Barbara Rosenblat is a British actress. She is best known as a prolific narrator of audiobooks, for which AudioFile named her a Golden Voice. She has also appeared on screen such as in the Netflix original series Orange Is the New Black as the character Miss Rosa.

Early life
Rosenblat was born in London, England and was raised in New York City in a Jewish family. She attended a Hebrew school as a child.

Career
After returning to London for a family wedding, Rosenblat decided to stay in England. Soon afterwards, she landed a part in a production of Godspell. She continued to work in theatre, as well as various fields of entertainment in the UK such as radio, film and television.

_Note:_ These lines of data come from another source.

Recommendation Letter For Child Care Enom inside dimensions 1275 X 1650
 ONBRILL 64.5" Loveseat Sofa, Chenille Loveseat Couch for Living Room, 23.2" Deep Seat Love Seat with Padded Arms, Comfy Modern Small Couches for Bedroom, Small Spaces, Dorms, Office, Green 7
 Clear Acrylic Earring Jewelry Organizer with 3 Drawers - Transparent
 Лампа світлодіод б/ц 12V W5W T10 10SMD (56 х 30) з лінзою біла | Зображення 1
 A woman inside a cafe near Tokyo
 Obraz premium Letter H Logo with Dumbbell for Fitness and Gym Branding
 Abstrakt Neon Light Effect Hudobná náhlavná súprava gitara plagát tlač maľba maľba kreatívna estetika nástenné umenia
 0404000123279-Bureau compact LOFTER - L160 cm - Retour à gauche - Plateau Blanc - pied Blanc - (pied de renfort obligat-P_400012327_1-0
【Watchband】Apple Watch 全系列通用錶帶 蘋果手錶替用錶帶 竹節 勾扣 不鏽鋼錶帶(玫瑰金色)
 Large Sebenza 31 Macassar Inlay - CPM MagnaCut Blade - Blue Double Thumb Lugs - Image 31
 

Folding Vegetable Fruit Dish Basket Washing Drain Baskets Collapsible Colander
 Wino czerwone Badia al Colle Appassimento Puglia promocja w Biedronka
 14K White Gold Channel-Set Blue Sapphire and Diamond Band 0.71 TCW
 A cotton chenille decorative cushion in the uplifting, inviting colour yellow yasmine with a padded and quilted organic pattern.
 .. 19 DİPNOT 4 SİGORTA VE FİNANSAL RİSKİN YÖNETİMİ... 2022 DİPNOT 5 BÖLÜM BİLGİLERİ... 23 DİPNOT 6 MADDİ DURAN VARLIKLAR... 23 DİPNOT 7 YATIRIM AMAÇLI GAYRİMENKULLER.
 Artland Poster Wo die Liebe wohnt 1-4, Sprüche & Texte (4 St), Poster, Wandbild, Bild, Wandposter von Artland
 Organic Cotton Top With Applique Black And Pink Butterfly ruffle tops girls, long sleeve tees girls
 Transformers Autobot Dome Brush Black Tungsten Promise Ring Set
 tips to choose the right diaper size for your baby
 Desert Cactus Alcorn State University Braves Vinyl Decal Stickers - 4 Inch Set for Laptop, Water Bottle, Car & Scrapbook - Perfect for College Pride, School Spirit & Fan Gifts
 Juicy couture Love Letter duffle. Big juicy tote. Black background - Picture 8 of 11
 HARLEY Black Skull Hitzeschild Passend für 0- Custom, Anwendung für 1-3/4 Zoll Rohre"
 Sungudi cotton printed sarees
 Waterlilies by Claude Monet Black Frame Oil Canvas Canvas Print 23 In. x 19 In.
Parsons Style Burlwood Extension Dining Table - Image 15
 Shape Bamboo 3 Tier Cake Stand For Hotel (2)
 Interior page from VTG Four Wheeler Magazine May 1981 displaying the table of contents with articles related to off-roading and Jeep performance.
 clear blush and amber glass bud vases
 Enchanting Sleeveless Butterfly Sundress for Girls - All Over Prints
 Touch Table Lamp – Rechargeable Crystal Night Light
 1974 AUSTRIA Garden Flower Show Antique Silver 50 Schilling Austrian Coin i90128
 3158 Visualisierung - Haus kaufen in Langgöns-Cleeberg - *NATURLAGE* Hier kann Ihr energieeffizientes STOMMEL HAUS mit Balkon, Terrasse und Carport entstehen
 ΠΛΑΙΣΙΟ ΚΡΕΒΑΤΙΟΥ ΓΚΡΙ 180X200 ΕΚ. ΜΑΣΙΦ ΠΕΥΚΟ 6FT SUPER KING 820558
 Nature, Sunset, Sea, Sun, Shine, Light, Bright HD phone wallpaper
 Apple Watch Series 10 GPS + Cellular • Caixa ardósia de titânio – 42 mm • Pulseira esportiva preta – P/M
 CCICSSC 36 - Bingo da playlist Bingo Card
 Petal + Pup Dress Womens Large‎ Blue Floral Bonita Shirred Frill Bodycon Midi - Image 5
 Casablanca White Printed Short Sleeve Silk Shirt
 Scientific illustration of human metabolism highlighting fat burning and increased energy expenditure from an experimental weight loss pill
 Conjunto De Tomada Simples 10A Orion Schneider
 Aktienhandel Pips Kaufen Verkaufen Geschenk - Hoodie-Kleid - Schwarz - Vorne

She later returned to the US, and worked at the Library of Congress narrating books for the blind for four years.

On Broadway, she appeared in the musical The Secret Garden and the play Talk Radio.

Awards and honors
AudioFile has named Rosenblat a Golden Voice narrator.

Awards

"Best of" lists

Audiography 
Rosenblat has narrated more than 400 audiobooks and has been praised for her range of performance in both British and American English accents. She has also narrated a vast range of books across various genres, from classics such as Lewis Carroll’s Alice in Wonderland to the literary fiction of T. C. Boyle or short stories of Kurt Vonnegut to paranormal romance novels by Katie McAllister.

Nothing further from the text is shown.